Bu açıdan Komisyon, temel hak ve hürriyetler ve hukukun üstünlüğünde ciddi bir gerileme olduğunun altını çizdi.
Ankara’nın, “katılım perspektifinden uzak bir dille hazırlandığını” ileri sürdüğü rapora tepkisi ise, “haksız ve orantısız eleştirileri kabul etmemiz mümkün değildir” şeklinde oldu.
‘SERT AMA OBJEKTİF’
İstanbul MEF Üniversitesi’nden Avrupa Birliği uzmanı Doç. Dr. Beken Saatçioğlu’na göre, 2019 yılı Türkiye raporu, yazıldığı dönemin Başkanlık sistemine geçiş, yerel seçimler, İstanbul seçimlerinin iptali gibi önemli ve tartışmalı gelişmelere denk gelmesi itibariyle Türkiye’de sahada yaşananları sert ancak objektif şekilde detaylandırıyor.
Raporun açıklandığı gün gazeteci Kadri Gürsel, Anayasa Mahkemesi’nin “kişi güvenliği ve özgürlüğü ile ifade özgürlüğü hakkının ihlal edildiği” kararını vermiş olmasına rağmen, yeniden birkaç saatliğine cezaevine gönderildi, ancak akşamına tahliye oldu.
‘PRAGMATİK İŞBİRLİĞİ DEVAM EDECEK’
Euronews’ten Menekşe Tokyay’a konuşan İstanbul MEF Üniversitesi’nden Avrupa Birliği uzmanı Saatçioğlu, “Raporun ruhu net bir mesaj veriyor: Yargı bağımsızlığı ve demokratikleşme sicili açısından Türkiye’nin üyeliği artık rafa kaldırılmış durumda. Ama işbirliği de mülteci meselesi ve terörle mücadele alanlarında olduğu gibi pragmatik şekilde devam edecek” dedi.
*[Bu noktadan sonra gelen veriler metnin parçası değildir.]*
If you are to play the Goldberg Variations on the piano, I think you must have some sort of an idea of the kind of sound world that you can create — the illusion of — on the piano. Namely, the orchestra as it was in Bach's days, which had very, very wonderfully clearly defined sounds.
Yaklaşık 4 milyon Suriyeli mülteciye ev sahipliği yapan Türkiye, 2016 yılında AB ile bir mülteci trafiğinin düzenlenmesi amacıyla bir anlaşmaya varmıştı.
Buna göre; Avrupa’ya yasa dışı yollarla giden sığınmacıların iltica başvurularının kabul edilmemesi durumunda Türkiye’ye iadesi karşılığında, AB Türkiye’deki mülteciler için mali yardım yapma taahhüdünde bulunmuştu.
Ancak, Saatçioğlu’na göre, tarafların köprüleri atmak gibi bir niyeti yok; önümüzdeki dönemde “işlevsel bir işbirliği” filizleniyor, zira AB Türkiye’yi halen fiili partner ülke olarak görüyor: “Bu, Kopenhag üyelik kriterleri ve AB değerlerinden bağımsız olarak, ortak çıkarlar etrafında bir işbirliği.”
EKONOMİ VE SERBEST PİYASA KONUSUNDA ENDİŞELER VAR
Öte yandan, 2019 yılı Türkiye raporunda ekonomi başlığı da siyasetle bağlantısının vurgulanması açısından ön planda. Raporda ilk defa ekonomi ve serbest piyasa konusunda endişeler ön plana çıkarıldı.
Saatçioğlu’na göre, AB ile ilişkilerin pozitif ivme kaydetmesi, Türkiye’nin değerler sisteminde pozitif gelişmeler olması ekonomiye de doğal olarak olumlu yansıyacak.
Saatçioğlu, “Hukukun üstünlüğü alanındaki ilerlemelere bağlı olarak piyasa ekonomisinin işleyişindeki endişeler önemli ölçüde giderilir. AB’ye bebek adımlarıyla da olsa normatif düzeyde yaklaşılması, ekonomiye pozitif yansır; çünkü hukuk sistemini tesis ederseniz yatırımlar için de cazip bir ülke haline gelirsiniz” diye konuştu.